Gerade dieser unabänderliche Kontrollverlust führt neben dem „ich-habe-nichts-zu-verbergen“-Argument zu Gleichgültigkeit. Wer Facebook-Nutzer ist, per WhatsApp sein Privatleben koordiniert und sich per GPS zum nächsten Termin navigieren lässt, hinterlässt unumgänglicher Weise Datenspuren. Wenn wir also alles sowieso bereits freiwillig preisgeben, warum noch über ein bisschen Vorratsdatenspeicherung streiten? Natürlich werden bereits ohne das Gesetz Daten gespeichert, dabei handelt es sich zum Beispiel um Verbindungsdaten, die Telekommunikationsunternehmen vor allem für die Rechnungserstellung speichern. Auch an Facebook geben über die Hälfte der deutschen Internetnutzer Daten ab. Die beschränken sich nicht auf die Fotos und Status-Updates, die ein Nutzer postet. Auch Daten zur Nutzung von Diensten und Inhalten, Netzwerken und Gruppen, und Geräteinfos von Facebook-App-Nutzern sammelt das Unternehmen laut Datenrichtlinien.

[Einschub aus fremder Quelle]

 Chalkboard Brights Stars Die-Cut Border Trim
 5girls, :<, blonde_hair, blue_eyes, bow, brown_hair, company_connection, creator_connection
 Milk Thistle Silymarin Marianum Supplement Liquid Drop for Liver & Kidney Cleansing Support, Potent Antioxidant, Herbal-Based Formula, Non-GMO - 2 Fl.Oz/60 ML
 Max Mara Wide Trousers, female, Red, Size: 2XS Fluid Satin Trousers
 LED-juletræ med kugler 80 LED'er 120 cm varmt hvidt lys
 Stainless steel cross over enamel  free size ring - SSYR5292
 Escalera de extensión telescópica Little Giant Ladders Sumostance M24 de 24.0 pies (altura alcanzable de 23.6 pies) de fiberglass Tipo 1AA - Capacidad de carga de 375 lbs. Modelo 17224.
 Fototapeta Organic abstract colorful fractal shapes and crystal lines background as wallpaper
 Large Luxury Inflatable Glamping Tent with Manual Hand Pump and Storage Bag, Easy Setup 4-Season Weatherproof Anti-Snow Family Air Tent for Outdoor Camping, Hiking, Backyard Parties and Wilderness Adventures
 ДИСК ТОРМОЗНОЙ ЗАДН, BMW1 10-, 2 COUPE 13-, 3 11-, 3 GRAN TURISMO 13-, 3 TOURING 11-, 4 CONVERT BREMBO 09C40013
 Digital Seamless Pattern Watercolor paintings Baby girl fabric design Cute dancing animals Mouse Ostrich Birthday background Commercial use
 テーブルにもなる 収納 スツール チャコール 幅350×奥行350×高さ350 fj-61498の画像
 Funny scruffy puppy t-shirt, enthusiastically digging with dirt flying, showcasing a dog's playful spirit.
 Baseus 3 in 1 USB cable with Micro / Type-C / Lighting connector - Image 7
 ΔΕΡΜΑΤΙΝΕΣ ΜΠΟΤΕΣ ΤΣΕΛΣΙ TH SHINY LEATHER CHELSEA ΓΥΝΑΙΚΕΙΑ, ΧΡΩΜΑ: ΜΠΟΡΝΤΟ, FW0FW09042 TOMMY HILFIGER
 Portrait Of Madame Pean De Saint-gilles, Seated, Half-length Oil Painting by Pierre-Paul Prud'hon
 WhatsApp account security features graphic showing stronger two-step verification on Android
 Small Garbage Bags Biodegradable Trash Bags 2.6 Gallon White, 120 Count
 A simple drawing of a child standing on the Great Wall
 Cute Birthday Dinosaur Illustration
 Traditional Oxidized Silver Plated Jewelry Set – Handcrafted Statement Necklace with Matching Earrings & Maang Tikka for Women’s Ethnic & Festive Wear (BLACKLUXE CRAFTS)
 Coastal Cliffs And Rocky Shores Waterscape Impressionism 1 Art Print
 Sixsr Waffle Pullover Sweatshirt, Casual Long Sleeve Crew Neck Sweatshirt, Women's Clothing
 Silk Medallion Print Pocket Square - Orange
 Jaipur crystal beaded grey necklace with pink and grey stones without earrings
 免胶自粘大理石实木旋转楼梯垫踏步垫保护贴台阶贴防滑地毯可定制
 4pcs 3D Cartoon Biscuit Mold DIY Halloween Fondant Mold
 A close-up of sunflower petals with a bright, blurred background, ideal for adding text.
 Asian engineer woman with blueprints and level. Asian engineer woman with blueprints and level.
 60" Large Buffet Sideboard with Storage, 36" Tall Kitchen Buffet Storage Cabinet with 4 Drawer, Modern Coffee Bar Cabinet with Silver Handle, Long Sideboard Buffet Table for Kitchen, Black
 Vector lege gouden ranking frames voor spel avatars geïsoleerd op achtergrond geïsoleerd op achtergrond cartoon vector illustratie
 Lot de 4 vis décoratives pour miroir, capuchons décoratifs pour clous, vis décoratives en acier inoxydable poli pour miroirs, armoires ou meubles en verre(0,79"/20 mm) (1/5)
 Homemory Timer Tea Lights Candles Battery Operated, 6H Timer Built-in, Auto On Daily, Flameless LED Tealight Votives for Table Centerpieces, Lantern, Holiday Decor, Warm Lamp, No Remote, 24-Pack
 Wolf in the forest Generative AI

Daten preisgeben ist alternativlos,Vorratsdatenspeicherung nicht
Unterliegen Kritiker der Vorratsdatenspeicherung also einer Doppelmoral? Geben sie freiwillig das her, was sie der Vorratsdatenspeicherung verweigern? Dazu sollte man sich fragen, wie es möglich wäre, keine Datenspuren zu hinterlassen. Kein Handy, keine sozialen Netzwerke, kein Google, kein Navigationsgerät, kein Telefon, keine Emails: wer keine Spuren hinterlassen möchte, müsste heute ein technisches Aussteigerleben führen. Es geht also nicht um eine bewusste Entscheidung zwischen zwei Alternativen: Fußball WM in Katar schauen und Korruption und Sklaverei unterstützen, oder abschalten; auf tierische Produkte verzichten und vegan leben, oder Fleisch konsumieren. Es gibt keine Wahl zwischen Daten preisgeben oder Daten behalten; es handelt sich vielmehr um eine zwangsläufige Einwilligung. Wer das nicht will, verpasst nicht nur eine WM oder Milchprodukte, er müsste sich in eine gesellschaftliche Isolation begeben. Ob ein einzelner Facebook-Nutzer lieber weniger Daten über sich zur Verfügung stellen würde, bleibt nicht ihm überlassen. Und wer sich bei Facebook abmeldet, wird immer noch per Telefon und IP-Adresse erfasst. Was bleibt ist die Entscheidung nicht noch mehr Daten an noch mehr Stellen über sich speichern zu lassen, hier gibt es noch eine Alternative. Spätestens bei der nächsten Bundestagswahl hat jeder eine Stimme in der Datendebatte.